I knew when I pitched this that a lot of people would hate it and hooooo boy. I was hiking in Grand Teton National Park when a Boston sports media personality tweeted it and the rush of hate tweets was as fierce as the waterfall I looked at on the hike. That’s not a bad thing – sometimes you write things knowing it’s going to irk people. The best part about it was that I could tell they hadn’t read to the end because they didn’t start screaming about the gun stuff there. Haha! Gotcha!
3. “Paying Run With - and for – Oiselle” for Racked
This is another one I’ve wanted to write for a long time. I’d pitched it around but never with quite the right angle to quite the right publication. Some of my best pieces about the running industry have been in non-running publications. They seem more open to assigning stories that might piss off one of their advertisers (this one’s another example). So I’m really glad I linked up with Racked this year because I think that it was the right home for it. It’s also the first time a brand ever subtweeted me. New experiences every year!
2. “Memories of a Jersey Shore Town, Before a Boom,” New York Times
If you’re new around here, you should know that I spent a significant chunk of my early writing life reporting on the Jersey Shore.

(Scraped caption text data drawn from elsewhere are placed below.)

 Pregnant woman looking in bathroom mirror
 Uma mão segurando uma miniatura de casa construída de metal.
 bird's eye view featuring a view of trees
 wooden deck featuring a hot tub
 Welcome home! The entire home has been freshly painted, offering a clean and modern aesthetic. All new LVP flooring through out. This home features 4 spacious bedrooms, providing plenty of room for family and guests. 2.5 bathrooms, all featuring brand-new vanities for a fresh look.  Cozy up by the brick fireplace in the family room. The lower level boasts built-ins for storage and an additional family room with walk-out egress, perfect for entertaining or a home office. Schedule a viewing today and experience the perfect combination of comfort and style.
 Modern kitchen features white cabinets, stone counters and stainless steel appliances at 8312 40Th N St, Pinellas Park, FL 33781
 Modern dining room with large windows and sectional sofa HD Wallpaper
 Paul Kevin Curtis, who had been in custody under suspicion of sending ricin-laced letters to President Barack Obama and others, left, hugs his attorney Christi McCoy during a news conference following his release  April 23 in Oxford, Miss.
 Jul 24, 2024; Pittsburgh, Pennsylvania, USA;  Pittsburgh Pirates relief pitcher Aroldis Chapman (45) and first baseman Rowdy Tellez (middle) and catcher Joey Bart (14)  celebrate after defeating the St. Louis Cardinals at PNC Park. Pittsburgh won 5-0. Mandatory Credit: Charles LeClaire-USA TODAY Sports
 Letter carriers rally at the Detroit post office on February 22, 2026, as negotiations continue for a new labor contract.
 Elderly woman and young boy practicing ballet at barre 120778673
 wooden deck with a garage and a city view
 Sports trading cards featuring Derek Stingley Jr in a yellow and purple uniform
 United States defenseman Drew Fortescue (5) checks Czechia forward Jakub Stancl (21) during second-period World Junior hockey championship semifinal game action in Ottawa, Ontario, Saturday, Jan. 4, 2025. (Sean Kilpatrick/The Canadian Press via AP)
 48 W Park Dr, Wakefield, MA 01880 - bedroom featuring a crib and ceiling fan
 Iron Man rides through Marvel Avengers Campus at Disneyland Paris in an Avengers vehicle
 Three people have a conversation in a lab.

I first wrote about declining year round populations on my Jersey Shore blog, so this reported essay felt like the natural update of that post, in both the status of those year round populations and, in a way, my career since I went from writing about it in a blog to The New York Times. Two other reasons it’s second here: First, I think I got the imagery right (and the owner of the deli emailed me to say she agreed) and through it managed to show how important this corner of the country is to me. And second, I also consider it my swan song to that portion of my writing career, and what a better way to go out than like that? It came out when I was in Flagstaff, Arizona, about to drive to Las Vegas for a flight to Hawaii. Weird timing, but weirdly appropriate too, that complete mis-match of what I’d been doing for summers almost every year of my life, and what I did this summer that was radically different and new.
1. “Things I Wish I Had Known When My Dog Died,” New York Times
Duh, right? This is the most popular thing I have never written for the New York Times and probably ever in my entire writing career. It hung around in their top 10 articles page for a few days, and was one of the most popular of their stories on social media this year. On a personal level, I broke just about every rule of essay writing to do this. I tend to wait until months, even years, after something traumatic to write about it, but I wrote this when I was still deep in grief. I also wrote it on a Sunday afternoon in a writing session that stretched past midnight – I rarely work on weekends let alone into the wee small hours of the morning. I sweat through two shirts and ran through two boxes of tissues in doing it – because yes writing can be physical.
It’s also an example, for you writers out there, that you can tackle a universal experience that has been written about a zillion times before and have it stand out. How? By making it personal. This was very much my story of the end of my dog’s life but, based on responses I’m still getting, hit home with a lot of people. I started out by making a list of what happened after, and that’s pretty much how it stayed (though I cut out 2/3 of the original draft). Doing a list almost felt like cheating, but it was the only way I could break down this massively sad experience and put it into readable form. I think it made it easier for readers to grasp too.
I don’t know if it helped my grieving process. I was anxious in the days leading up to publication because I knew there’d be some sort of social media reaction though I never could have anticipated how great. Also, my inbox was a river of tears after the piece came out, and again when the paper shared it on their social media feeds this week. It did at times set me right back into the weeds of my own sorrow. But I know it has helped a lot of people and told them it’s OK to be this sad. That’s why it was worth it. I think Emily would be proud.